"Do we have any beds?" is how we begin every single shift in the psychiatric emergency department at the Hennepin County Medical Center.
Being a psych nurse at HCMC is like working a commodity trader's desk in the Chicago Mercantile Exchange. Supply fluctuates hourly, and demand is always brisk. Yet the number of beds available at any moment dictates whether a mentally ill patient will be held in a cinder-block room for up to six days awaiting comprehensive treatment or sent to the medical emergency department or to other medical inpatient units.
Yet HCMC gets calls daily from desperate health care facilities as far north as Roseau, Minn., asking about psychiatric bed availability. The answer is almost always a resounding "no."
The mental health system in Minnesota is in crisis. While routinely waiting to be transferred to inpatient psychiatry units, extremely acute patients may be held in restraints or in seclusion on and off for days, getting injected with high doses of antipsychotic medication to quell immediate mental health symptoms, while staff members scramble to meet their basic needs.
As a nurse in this department, I am troubled when I have to tell patient families that their loved one might not get optimal treatment for several days.
As HCMC searches for a new director of psychiatry, I am hopeful we can find constructive ways to improve the system, and that includes increasing budgets for mental health care. The current treatment is simply inadequate. Would we as individuals ever tolerate dayslong delays for a child or a relative with a severe medical illness?

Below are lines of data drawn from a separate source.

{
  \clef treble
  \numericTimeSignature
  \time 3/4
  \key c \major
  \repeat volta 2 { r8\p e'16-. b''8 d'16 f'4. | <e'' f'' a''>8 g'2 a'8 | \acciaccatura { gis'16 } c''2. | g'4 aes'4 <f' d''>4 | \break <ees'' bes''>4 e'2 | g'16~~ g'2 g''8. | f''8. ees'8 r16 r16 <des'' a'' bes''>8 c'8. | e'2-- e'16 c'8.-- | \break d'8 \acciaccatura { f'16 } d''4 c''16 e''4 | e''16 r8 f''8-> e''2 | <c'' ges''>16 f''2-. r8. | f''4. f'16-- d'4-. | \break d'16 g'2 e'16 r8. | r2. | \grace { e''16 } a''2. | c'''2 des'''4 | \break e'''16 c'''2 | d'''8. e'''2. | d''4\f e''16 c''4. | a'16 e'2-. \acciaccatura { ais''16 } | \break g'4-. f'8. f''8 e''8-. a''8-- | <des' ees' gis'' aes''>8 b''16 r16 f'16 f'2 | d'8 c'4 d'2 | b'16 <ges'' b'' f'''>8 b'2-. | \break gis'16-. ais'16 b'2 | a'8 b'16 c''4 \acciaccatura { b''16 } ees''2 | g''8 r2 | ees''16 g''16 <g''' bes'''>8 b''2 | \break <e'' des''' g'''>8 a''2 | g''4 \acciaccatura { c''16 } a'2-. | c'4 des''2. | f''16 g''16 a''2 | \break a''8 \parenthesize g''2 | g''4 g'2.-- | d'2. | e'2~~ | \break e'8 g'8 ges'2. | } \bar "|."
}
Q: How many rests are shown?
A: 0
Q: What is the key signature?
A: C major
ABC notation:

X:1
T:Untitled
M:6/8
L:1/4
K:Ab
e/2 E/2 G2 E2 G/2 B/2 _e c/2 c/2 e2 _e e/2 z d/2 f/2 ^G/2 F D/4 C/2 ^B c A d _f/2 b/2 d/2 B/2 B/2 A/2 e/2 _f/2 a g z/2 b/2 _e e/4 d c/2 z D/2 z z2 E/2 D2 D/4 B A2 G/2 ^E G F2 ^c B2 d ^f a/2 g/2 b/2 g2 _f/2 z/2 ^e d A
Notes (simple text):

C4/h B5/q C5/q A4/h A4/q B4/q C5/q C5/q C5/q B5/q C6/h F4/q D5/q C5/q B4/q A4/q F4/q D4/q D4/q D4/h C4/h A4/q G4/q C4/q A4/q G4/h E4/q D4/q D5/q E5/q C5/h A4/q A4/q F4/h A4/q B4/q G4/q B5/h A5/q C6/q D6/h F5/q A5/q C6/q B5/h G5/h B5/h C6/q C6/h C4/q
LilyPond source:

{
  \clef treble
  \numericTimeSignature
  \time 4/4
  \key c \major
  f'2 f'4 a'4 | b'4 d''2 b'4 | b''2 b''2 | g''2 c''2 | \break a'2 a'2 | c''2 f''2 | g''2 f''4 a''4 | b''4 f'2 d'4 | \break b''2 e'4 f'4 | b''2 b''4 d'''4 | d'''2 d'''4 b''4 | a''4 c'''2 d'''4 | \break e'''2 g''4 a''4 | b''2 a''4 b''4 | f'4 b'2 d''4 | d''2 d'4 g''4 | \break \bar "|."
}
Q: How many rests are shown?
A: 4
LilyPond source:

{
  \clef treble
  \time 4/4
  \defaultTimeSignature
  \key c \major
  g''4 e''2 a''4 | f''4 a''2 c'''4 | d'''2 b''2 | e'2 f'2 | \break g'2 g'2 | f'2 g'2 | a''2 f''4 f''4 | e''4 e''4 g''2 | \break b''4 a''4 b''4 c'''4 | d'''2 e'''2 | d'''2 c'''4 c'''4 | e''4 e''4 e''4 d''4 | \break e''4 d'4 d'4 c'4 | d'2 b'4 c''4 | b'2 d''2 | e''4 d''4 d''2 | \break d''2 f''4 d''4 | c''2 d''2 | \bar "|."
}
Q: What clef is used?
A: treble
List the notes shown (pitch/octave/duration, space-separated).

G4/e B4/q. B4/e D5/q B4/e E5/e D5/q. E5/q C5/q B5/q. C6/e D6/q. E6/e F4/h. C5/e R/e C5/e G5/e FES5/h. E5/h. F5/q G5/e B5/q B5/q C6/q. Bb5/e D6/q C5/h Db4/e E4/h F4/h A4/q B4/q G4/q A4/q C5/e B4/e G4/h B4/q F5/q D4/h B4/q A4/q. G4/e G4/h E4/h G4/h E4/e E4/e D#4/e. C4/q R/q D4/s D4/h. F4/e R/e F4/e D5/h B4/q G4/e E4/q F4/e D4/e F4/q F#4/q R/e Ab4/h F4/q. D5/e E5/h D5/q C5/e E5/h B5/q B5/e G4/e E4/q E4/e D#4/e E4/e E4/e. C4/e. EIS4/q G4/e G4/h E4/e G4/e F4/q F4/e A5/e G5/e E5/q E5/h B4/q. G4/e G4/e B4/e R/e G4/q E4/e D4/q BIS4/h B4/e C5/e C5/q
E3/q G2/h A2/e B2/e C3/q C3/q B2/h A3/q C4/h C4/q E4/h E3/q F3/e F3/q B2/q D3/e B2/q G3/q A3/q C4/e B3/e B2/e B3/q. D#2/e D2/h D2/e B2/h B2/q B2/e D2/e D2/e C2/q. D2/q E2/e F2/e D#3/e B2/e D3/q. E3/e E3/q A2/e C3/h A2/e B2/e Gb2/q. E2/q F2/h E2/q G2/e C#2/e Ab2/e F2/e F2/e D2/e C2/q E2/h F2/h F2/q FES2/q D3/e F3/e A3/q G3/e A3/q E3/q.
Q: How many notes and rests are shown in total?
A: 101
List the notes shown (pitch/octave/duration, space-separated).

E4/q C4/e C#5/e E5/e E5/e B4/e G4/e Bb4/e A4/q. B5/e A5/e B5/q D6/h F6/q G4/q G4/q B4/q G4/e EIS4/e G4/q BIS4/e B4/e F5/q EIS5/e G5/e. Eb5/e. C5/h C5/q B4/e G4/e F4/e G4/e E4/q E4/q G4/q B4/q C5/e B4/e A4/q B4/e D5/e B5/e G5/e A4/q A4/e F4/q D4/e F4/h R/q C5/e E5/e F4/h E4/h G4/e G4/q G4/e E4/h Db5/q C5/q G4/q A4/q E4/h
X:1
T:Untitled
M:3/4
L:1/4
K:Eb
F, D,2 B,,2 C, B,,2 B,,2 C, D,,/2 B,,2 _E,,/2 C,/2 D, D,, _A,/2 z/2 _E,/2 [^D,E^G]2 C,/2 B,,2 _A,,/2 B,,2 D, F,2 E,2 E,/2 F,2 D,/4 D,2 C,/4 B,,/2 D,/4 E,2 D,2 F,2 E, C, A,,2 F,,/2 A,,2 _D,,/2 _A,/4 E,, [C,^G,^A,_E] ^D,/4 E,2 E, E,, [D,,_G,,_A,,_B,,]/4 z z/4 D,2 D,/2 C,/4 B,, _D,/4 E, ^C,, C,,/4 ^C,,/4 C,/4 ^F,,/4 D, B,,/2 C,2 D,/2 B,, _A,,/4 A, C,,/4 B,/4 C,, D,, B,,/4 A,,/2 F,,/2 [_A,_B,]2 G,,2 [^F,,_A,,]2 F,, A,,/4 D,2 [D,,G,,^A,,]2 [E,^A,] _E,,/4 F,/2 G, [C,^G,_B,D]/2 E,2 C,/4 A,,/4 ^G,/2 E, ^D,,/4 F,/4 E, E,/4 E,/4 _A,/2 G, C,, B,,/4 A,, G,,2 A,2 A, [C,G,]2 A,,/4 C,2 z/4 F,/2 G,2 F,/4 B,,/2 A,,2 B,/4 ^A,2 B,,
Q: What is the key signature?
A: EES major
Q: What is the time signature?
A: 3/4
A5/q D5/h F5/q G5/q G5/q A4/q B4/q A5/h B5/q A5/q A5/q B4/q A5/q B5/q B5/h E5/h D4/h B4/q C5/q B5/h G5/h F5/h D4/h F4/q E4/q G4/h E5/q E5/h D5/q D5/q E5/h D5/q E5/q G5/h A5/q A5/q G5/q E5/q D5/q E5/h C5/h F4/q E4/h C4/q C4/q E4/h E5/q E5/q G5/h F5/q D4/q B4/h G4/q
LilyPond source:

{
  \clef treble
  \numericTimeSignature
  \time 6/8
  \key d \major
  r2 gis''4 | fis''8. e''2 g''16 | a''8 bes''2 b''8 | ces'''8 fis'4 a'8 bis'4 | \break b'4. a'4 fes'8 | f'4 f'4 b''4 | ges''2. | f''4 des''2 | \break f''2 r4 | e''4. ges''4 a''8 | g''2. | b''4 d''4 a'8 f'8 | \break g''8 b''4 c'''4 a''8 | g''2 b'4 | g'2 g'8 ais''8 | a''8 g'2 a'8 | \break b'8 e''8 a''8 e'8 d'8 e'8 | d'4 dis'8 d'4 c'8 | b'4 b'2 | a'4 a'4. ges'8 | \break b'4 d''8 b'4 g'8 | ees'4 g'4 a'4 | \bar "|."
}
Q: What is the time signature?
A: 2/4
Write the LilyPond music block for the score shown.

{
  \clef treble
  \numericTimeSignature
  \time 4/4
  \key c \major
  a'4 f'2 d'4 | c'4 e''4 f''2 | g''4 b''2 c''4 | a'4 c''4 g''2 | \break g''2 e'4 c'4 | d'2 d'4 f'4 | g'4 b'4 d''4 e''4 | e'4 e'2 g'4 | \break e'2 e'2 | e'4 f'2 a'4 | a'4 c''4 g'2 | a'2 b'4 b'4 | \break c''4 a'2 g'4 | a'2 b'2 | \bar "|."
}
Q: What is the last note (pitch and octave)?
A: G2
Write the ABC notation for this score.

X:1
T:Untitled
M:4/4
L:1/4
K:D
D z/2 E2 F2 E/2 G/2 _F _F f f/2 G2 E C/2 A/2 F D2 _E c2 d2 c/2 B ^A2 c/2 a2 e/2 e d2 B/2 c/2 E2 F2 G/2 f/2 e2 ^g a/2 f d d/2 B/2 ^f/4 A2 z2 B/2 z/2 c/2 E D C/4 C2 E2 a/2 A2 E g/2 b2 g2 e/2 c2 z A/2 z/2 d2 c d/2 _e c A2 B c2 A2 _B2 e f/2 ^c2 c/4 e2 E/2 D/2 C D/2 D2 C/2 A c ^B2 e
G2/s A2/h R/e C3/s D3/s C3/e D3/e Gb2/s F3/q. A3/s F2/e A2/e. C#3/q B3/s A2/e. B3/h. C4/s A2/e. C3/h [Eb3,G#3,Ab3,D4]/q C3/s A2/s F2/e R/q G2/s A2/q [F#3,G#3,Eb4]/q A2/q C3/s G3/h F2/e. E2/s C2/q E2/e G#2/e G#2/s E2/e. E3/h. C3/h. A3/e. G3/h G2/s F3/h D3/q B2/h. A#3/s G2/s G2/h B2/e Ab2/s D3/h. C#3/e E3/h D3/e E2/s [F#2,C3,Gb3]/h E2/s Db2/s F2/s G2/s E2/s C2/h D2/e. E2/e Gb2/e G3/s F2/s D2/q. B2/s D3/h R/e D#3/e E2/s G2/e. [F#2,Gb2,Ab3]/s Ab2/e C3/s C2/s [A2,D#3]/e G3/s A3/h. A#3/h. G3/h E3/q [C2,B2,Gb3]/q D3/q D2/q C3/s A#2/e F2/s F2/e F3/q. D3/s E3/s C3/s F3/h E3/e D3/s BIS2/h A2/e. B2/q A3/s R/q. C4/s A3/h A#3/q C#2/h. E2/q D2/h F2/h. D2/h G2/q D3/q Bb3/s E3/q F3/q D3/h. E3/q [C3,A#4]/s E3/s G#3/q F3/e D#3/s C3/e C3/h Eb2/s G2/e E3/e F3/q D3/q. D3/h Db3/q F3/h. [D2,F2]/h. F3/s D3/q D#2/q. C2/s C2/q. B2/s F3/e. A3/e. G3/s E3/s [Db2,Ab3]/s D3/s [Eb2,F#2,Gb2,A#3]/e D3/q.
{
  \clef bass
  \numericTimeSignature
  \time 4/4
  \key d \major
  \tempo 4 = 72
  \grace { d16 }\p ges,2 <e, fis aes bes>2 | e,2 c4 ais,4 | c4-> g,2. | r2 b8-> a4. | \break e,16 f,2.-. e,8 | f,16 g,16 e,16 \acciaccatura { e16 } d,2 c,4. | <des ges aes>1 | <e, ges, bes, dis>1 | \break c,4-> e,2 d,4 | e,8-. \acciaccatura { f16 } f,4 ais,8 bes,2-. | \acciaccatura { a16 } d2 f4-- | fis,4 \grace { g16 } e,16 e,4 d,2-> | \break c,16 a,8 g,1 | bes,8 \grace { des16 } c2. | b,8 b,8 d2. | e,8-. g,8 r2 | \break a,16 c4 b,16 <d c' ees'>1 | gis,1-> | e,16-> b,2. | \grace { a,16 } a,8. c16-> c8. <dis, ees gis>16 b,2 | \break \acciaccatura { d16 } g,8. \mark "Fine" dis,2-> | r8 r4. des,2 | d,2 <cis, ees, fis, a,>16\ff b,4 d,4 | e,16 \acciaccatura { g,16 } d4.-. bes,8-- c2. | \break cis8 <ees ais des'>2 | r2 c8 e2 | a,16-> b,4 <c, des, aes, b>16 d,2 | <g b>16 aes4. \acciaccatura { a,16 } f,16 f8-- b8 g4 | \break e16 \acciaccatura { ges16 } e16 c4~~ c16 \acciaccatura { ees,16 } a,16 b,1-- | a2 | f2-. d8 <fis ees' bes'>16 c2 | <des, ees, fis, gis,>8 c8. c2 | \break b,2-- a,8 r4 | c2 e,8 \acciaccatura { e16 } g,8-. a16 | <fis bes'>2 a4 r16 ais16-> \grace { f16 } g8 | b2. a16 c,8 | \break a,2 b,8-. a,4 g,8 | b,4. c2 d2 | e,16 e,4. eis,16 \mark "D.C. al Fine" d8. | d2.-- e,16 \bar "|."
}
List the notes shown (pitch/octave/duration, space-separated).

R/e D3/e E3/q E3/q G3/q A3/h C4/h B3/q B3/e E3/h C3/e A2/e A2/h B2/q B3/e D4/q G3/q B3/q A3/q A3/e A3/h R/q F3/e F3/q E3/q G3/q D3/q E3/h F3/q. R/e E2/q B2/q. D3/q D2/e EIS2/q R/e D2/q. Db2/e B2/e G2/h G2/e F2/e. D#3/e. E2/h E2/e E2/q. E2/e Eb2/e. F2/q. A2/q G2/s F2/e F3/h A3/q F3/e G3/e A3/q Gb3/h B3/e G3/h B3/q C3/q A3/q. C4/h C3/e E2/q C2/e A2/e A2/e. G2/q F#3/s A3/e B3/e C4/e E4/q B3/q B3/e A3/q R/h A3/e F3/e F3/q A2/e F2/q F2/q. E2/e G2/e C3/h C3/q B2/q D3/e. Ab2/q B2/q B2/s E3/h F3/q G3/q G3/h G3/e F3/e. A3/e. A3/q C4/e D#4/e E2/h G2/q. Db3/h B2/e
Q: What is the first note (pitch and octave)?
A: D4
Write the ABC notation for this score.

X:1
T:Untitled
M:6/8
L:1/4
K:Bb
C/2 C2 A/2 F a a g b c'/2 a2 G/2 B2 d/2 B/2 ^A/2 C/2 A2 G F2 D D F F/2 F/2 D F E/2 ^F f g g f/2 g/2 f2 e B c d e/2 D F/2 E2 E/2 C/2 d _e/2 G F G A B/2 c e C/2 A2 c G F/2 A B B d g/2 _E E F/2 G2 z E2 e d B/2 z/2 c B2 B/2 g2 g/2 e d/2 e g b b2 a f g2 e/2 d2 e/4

Medical units also are affected when patients assigned to them must wait for a transfer to the psychiatric unit. Patients on legal holds for mental health may be handcuffed to their beds to ensure that they remain at the hospital prior to admission to psychiatric units for treatment. Staff members on medical units are not trained for dealing with highly acute psychiatric patients, nor are their physical spaces designed to ensure safe care, exposing vulnerable medical patients to increased risk and medical staff members to assaults.
The 2014 assaults on staff members at St. John's Hospital, when a delirious patient attacked nurses with an IV pole, demonstrated what can happen when units aren't designed for safety.